FDNY White Firefighters: Diversity Lowers Standards
New York City’s fire department has a new entrance exam that is allowing them to hire new firefighters for the first time in five years. Some White firefighters are very angry about the new entrance exam because they say it lowers standards in an effort to increase diversity.
According to the Daily News, over 200 men from the FDNY were outside a courthouse in Brooklyn protesting the judge’s decision to make the department more diverse. Judge Nicholas Garaufis mandated the FDNY to conduct a “retroactive seniority and priority hiring of 293 minorities.”
It was expected that 180 White men would show up to the courthouse to express their anger and discontentment about the Judge’s ruling but only 36 men showed up.
One of the 36 men that showed up said,
”Seniority was earned in the dead of night when these benefactors were home sleeping.”

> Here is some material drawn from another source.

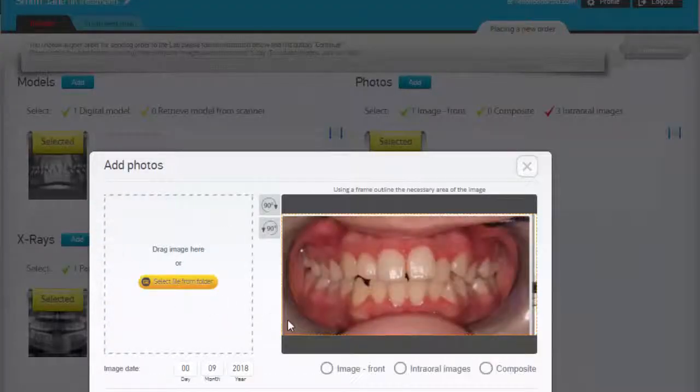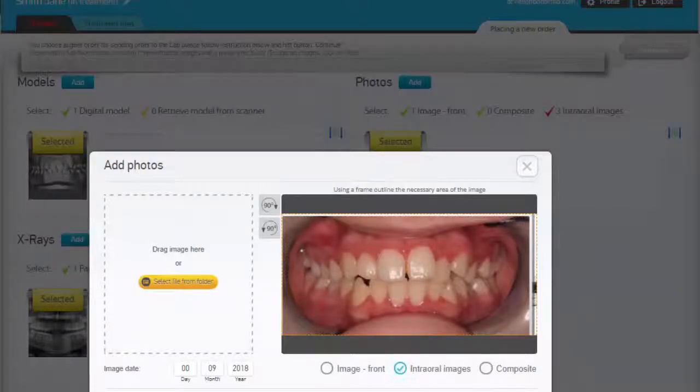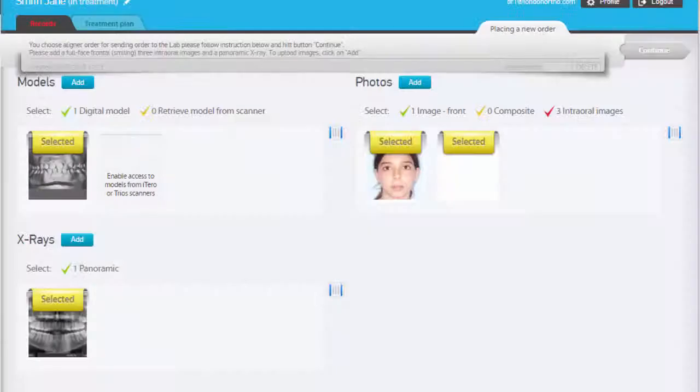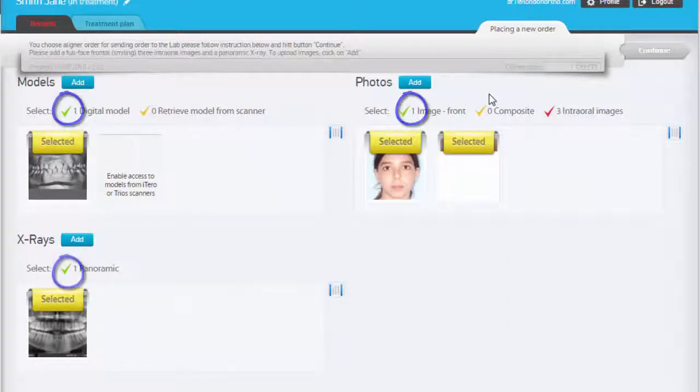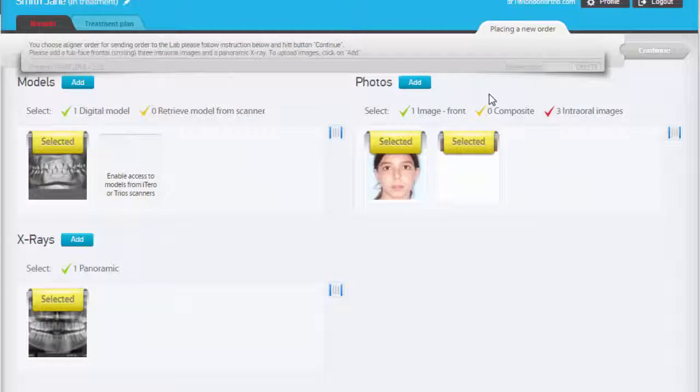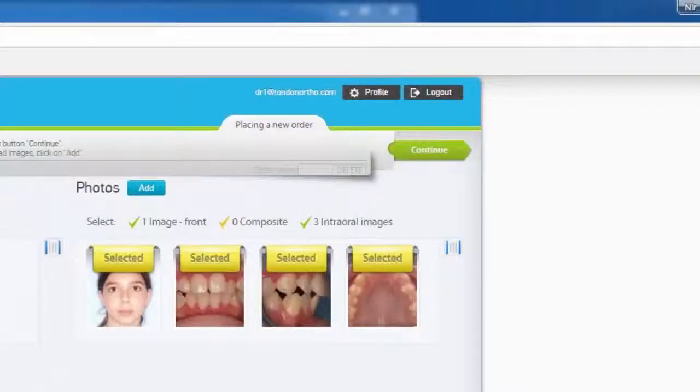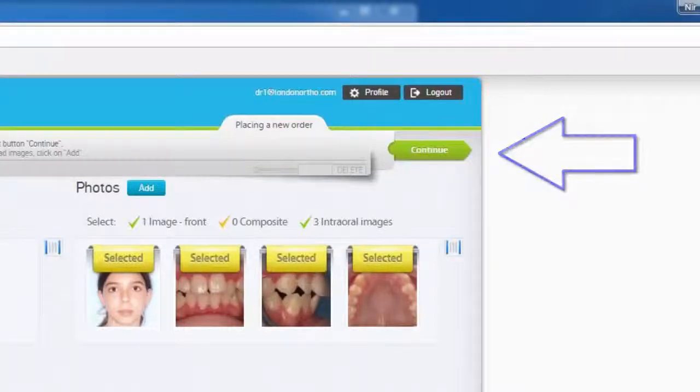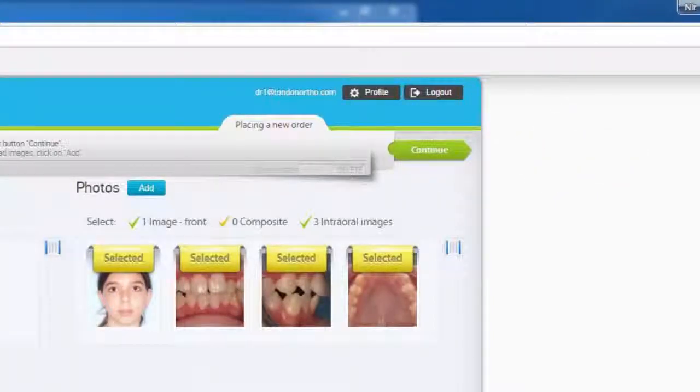When finished, click Select on all relevant images and files. The green checkmarks will indicate that the system has enough data to proceed. When all files have become available, the Continue arrow becomes green and clickable. Use it to move to the next step.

Last Friday, when the judge ruled that hiring would begin “immediately” many city officials were pleased with the decision. Among the city officials who expressed their approval of the ruling was FDNY Commissioner Salvatore Cassano.
Said Cassano,
“The FDNY’s strong commitment to diversity was evident in our recruitment campaign for this exam where 46 percent of the test takers were people of color-the same overall percentage of minorities at the top of this list. “
Even though the ruling met with a lot of opposition, it was a very significant victory for minorities who have been asking for equal employment. Only 3 percent of New York’s firefighters are black while 91 percent are white.
The Department of Justice joined an organization of black firefighters, the Vulcan Society and sued the city over racially biased exams that made it next to impossible for minorities to be admitted.
Last year Garaufis criticized the Bloomberg administration for being passive about FDNY’s lack of diversity.
According to The New York Times, Judge Garaufis said,
“The evidence adduced in this case gives the court little hope that Mayor Michael R. Bloomberg or any of his senior leadership has any intention of stepping up to the task of ending discrimination at the F.D.N.Y.Instead of facing hard facts and asking hard questions about the city’s abysmal track record of hiring black and Hispanic firefighters, the Bloomberg administration dug in and fought back.”